Le Parlement français a validé, ce mardi 21 juillet, la nomination du sénateur Les Républicains (LR) François-Noël Buffet au poste de Défenseur des droits, une autorité administrative indépendante chargée de veiller au respect des droits et libertés des citoyens. Proposé par le président Emmanuel Macron, il succédera prochainement à Claire Hédon, dont le mandat de six ans arrive à son terme.

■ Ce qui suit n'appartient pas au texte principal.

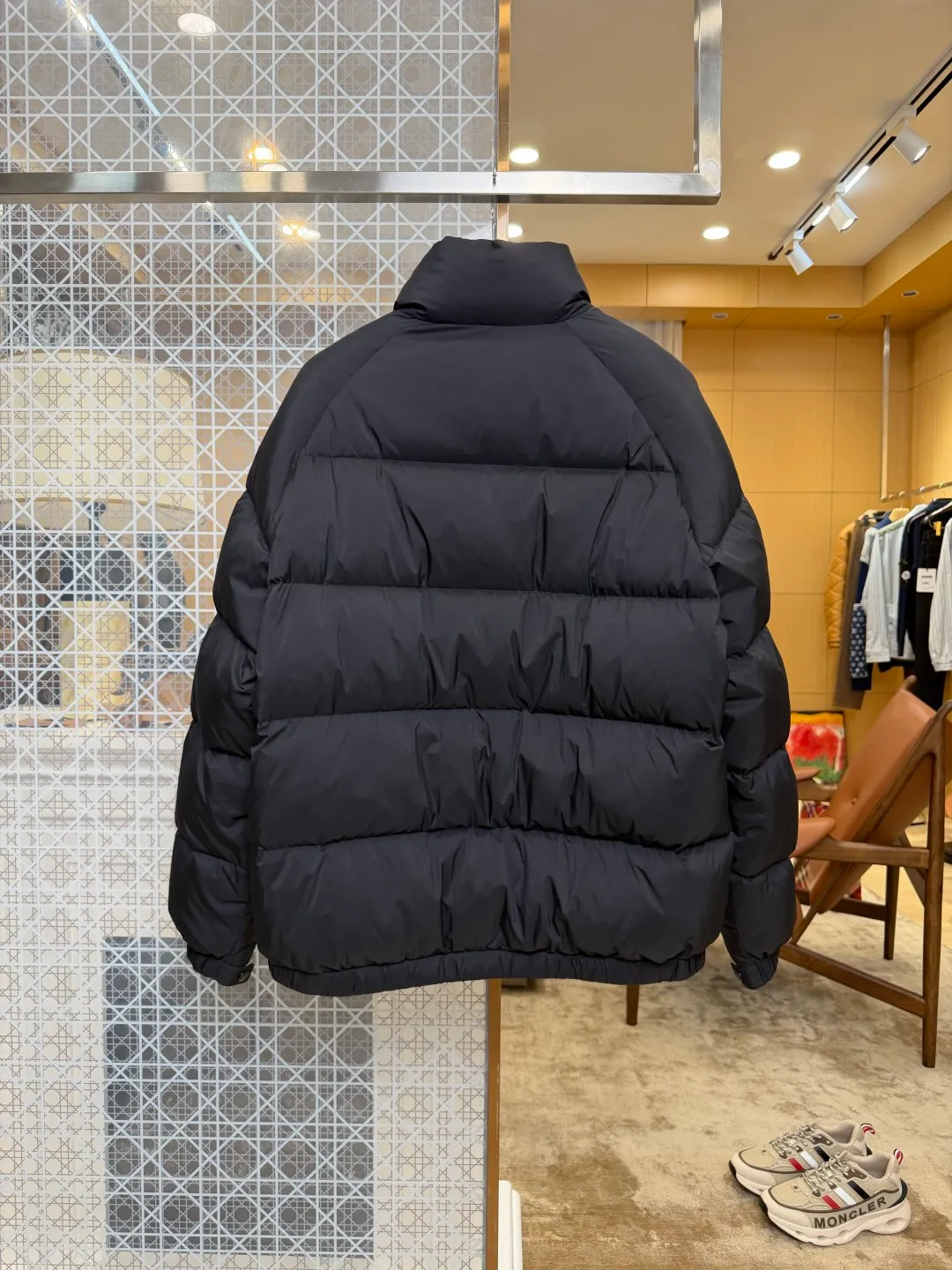Moncler Rückansicht Schwarz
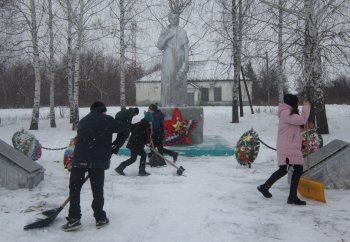 Благоустройство территории возле памятника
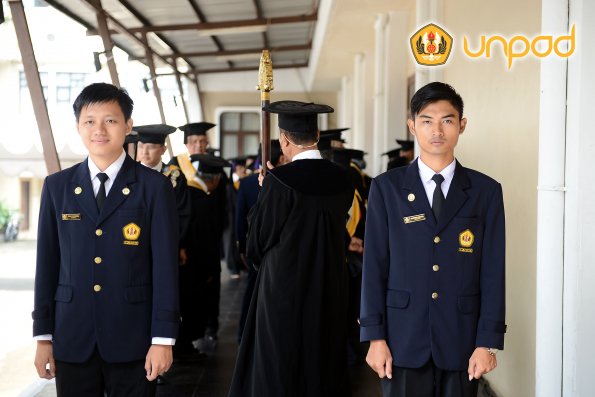 wisuda-unpad-gelombang-i-ta-2016-2017-sesi-3-ilalang-foto-145_595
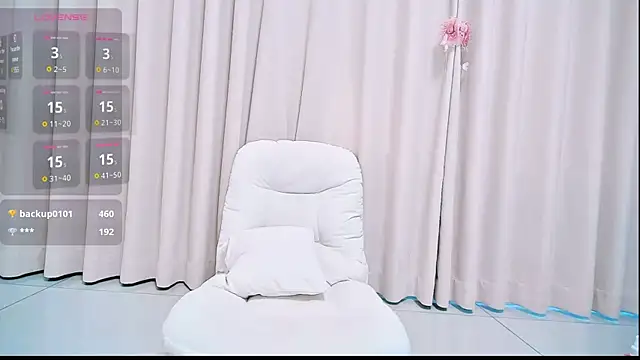 Aster Hoa online show from 09/27/25, 03:33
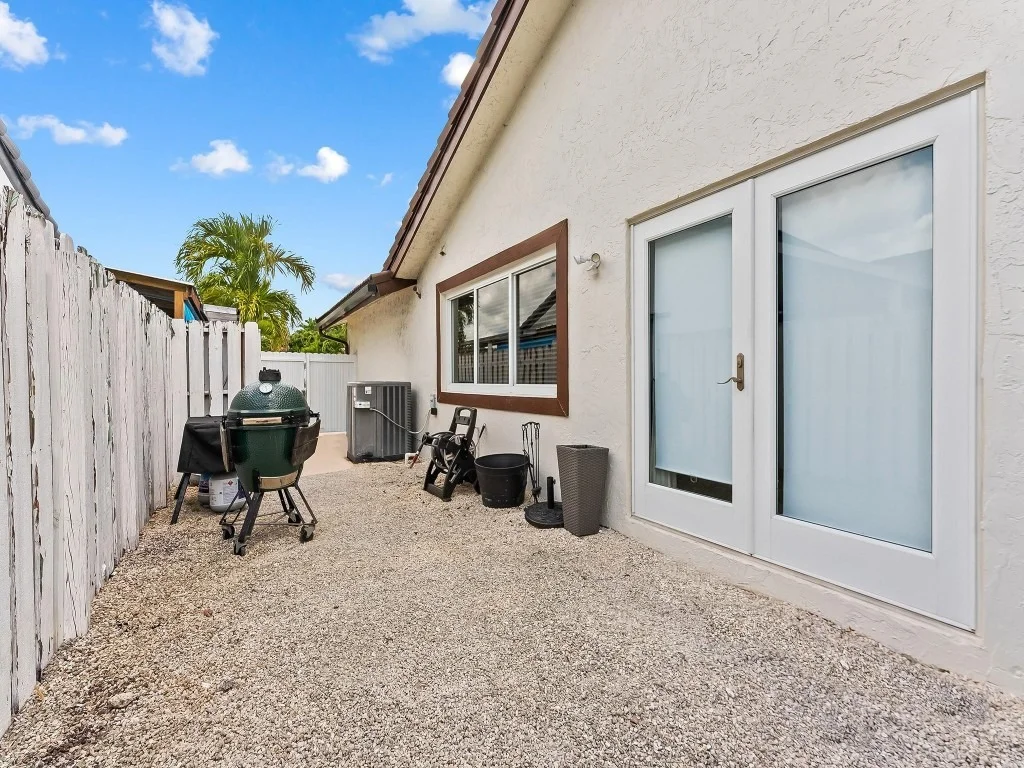 Photo of 6440 NW 201st Terrace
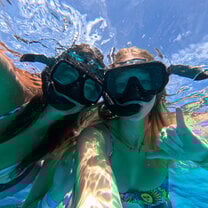 Snorkeling with my best friend🫧 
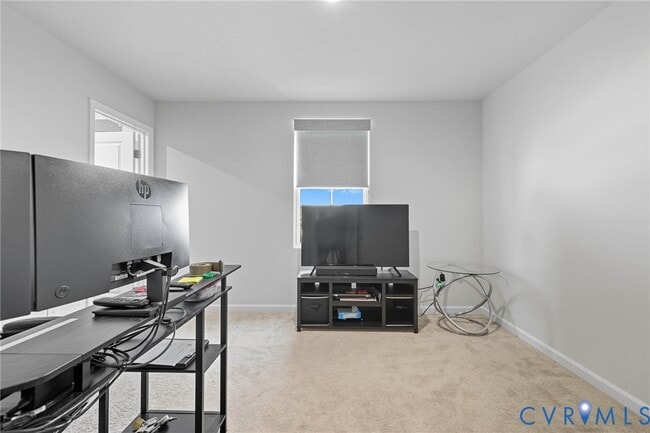 Building Photo - 261 Chanticleer Dr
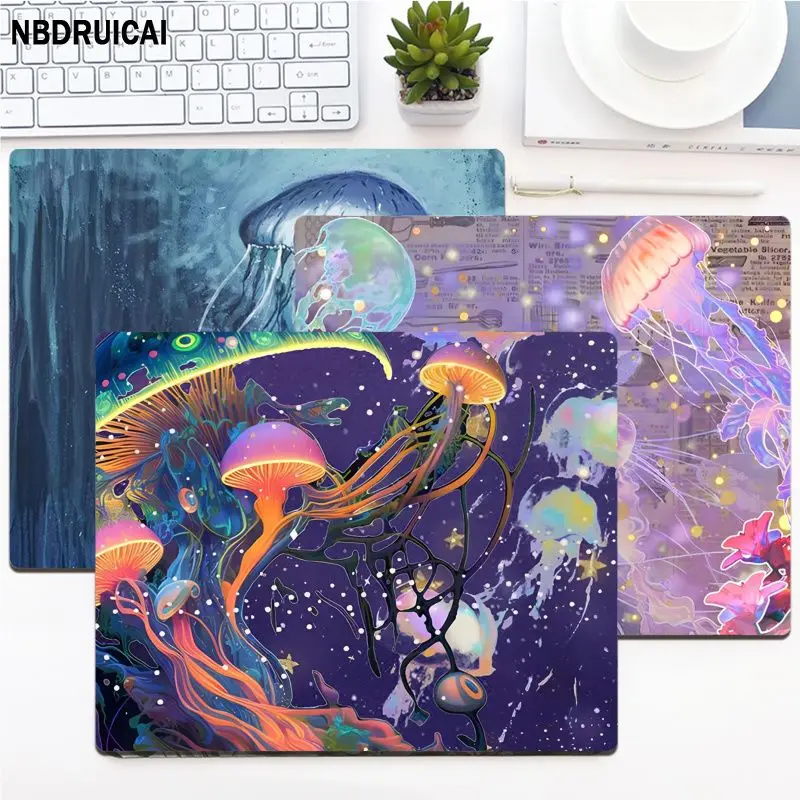 

Jellyfish Mousepad 20x25cm Office Student Gaming Thickened Large Writing Pad Non-slip Cushion Mouse Pad for Teen Girls Bedroom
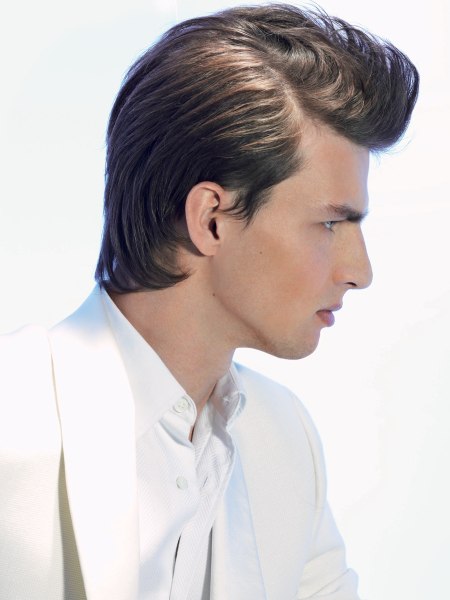 Wavy retro hairstyle for men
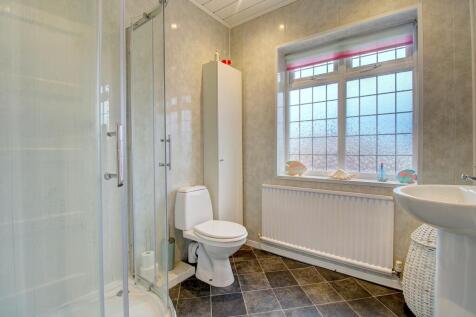 Family Shower Room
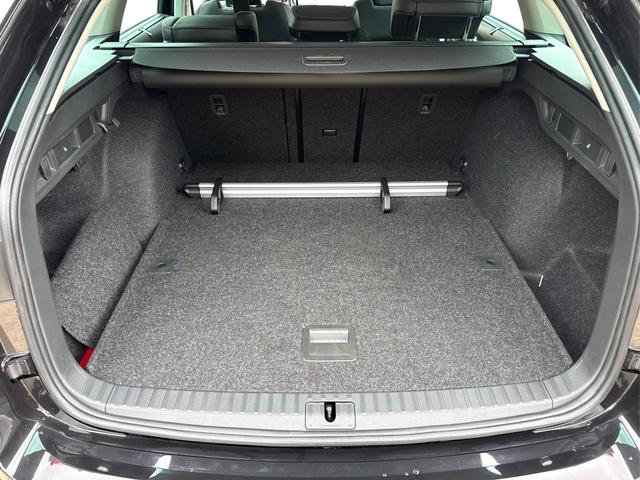 Skoda / Octavia Combi / Schwarz / / / NAVI+MATRIX+KAMERA+ACC+EL. HECKKL+LED+SHZ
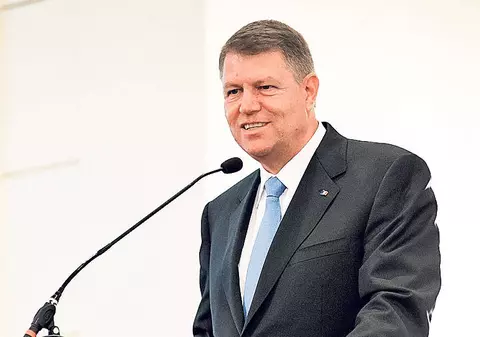 Klaus Iohannis, mesaj cu urări de bine, sănătate și fericire! Căror români se adresează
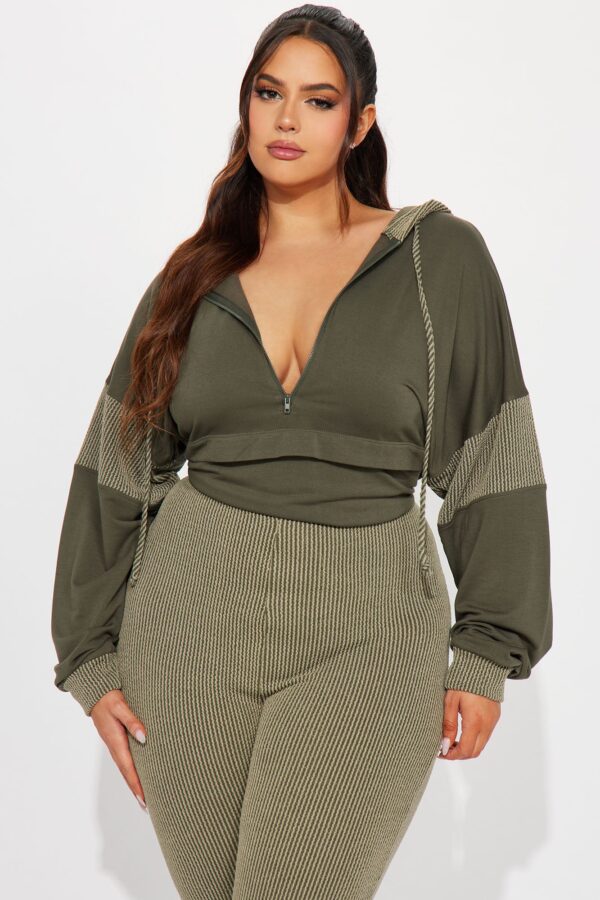 Jumpsuit in Olive 72% polyester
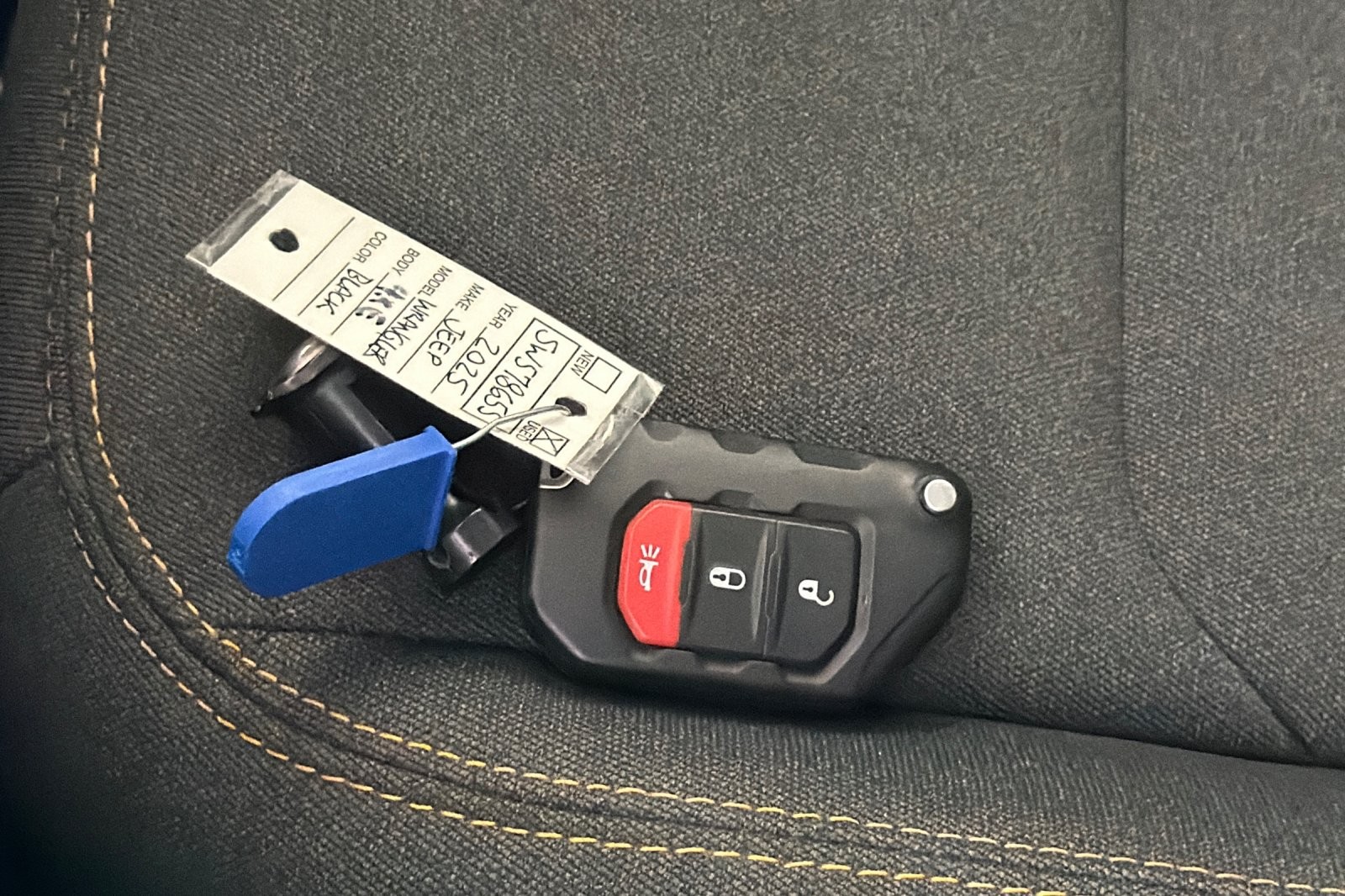 Used 2025 BLACK CLEAR COAT Jeep Sport S 4x4 image 24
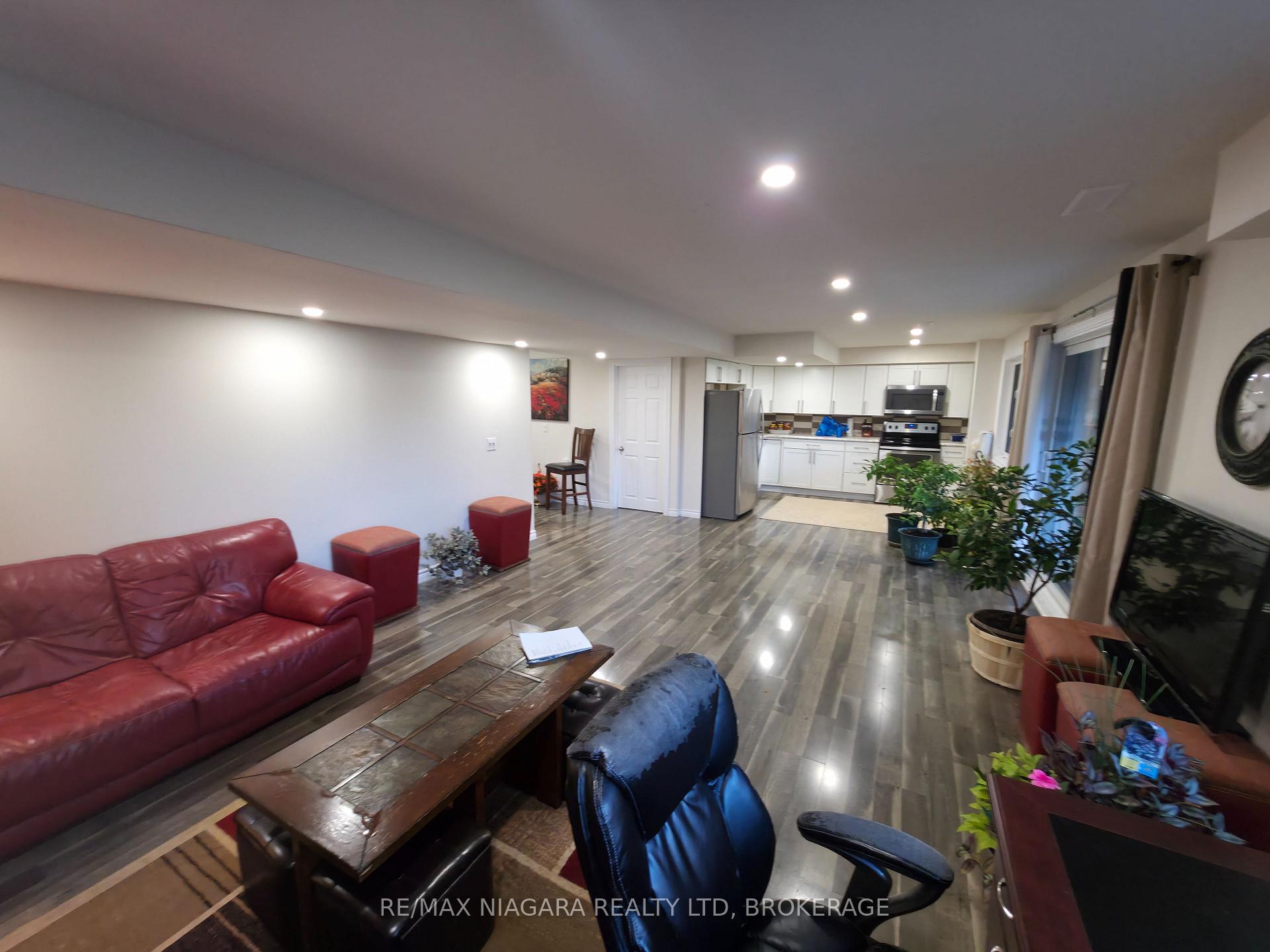 Photo 2 of Unit Lower, 7879 Buckeye Crescent, Niagara Falls, Brown — HOMEH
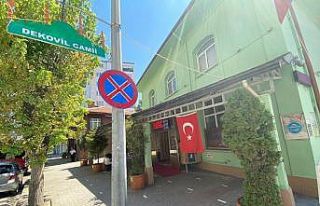 İmam Korona virüse yakalanınca cami 2 gün ibadete...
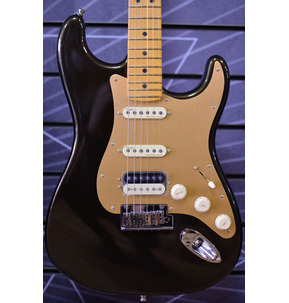 Fender Amercian Ultra Stratocaster HSS with Maple Fingerboard in Texas Tea Incl Elite Moulded Case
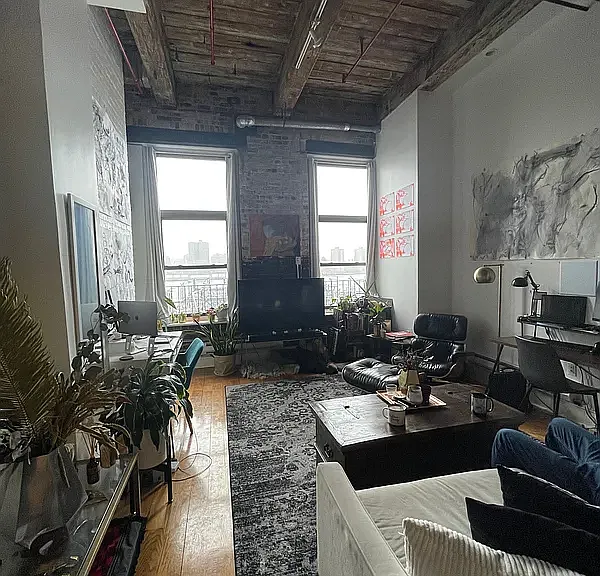 25 Jay St #402 — Photo 1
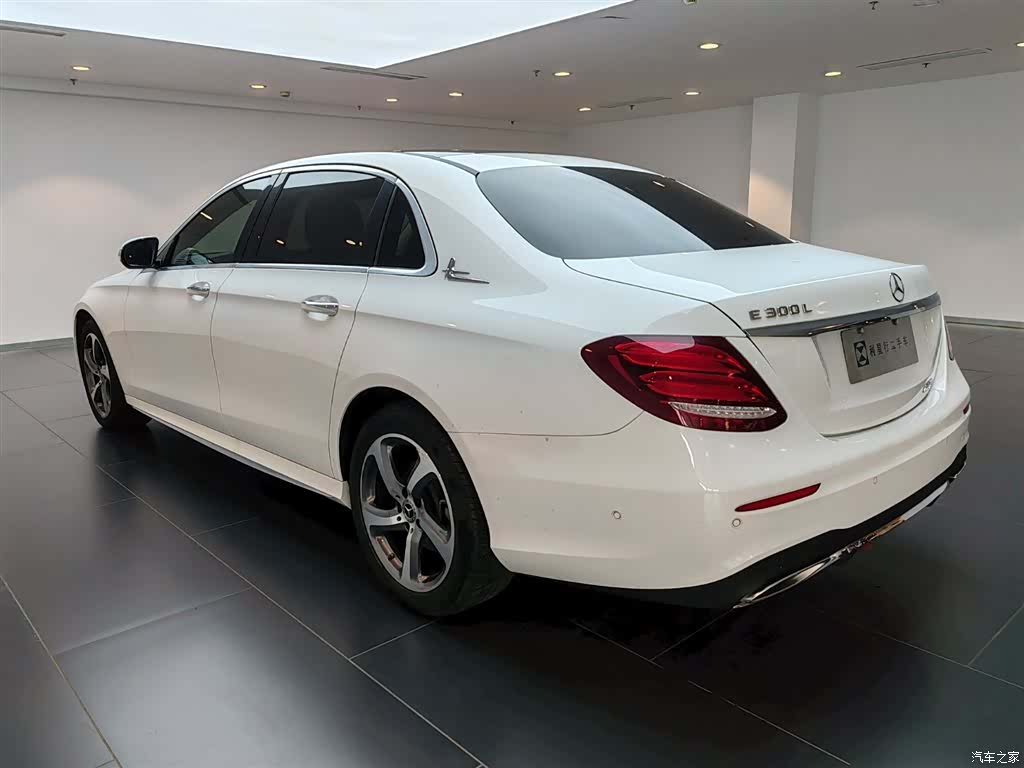 Mercedes-Benz E-Class, 2019 6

La désignation de François-Noël Buffet a été approuvée à l’issue du vote des commissions des lois de l’Assemblée nationale et du Sénat, conformément à la procédure prévue par l’article 13 de la Constitution. Le candidat a obtenu 43 voix favorables contre 39 défavorables, un résultat suffisant pour confirmer sa nomination.
Cette nomination a toutefois suscité d’importantes controverses avant le vote. Plusieurs organisations de défense des droits humains, syndicats et associations ont exprimé leurs inquiétudes quant au profil politique du sénateur LR, estimant que certaines de ses positions passées sur les questions migratoires, les droits des personnes LGBT+ ou encore les libertés publiques pourraient remettre en question l’image d’indépendance attendue de l’institution. Une pétition réunissant plus de 100 000 signatures avait également été lancée pour s’opposer à cette désignation.
Lors de son audition devant les parlementaires, François-Noël Buffet s’est engagé à exercer ses nouvelles fonctions en toute impartialité et à garantir l’indépendance du Défenseur des droits. Juriste de formation et ancien président de la commission des lois du Sénat, il a assuré vouloir protéger les droits fondamentaux de tous les citoyens, sans distinction.
Créée en 2011, l’institution du Défenseur des droits joue un rôle essentiel dans la démocratie française. Elle intervient notamment dans la lutte contre les discriminations, la protection des droits des enfants, le contrôle de la déontologie des forces de sécurité et la défense des usagers face aux administrations publiques. La prise de fonction de François-Noël Buffet sera donc particulièrement suivie, dans un contexte où les attentes en matière de protection des libertés fondamentales demeurent élevées.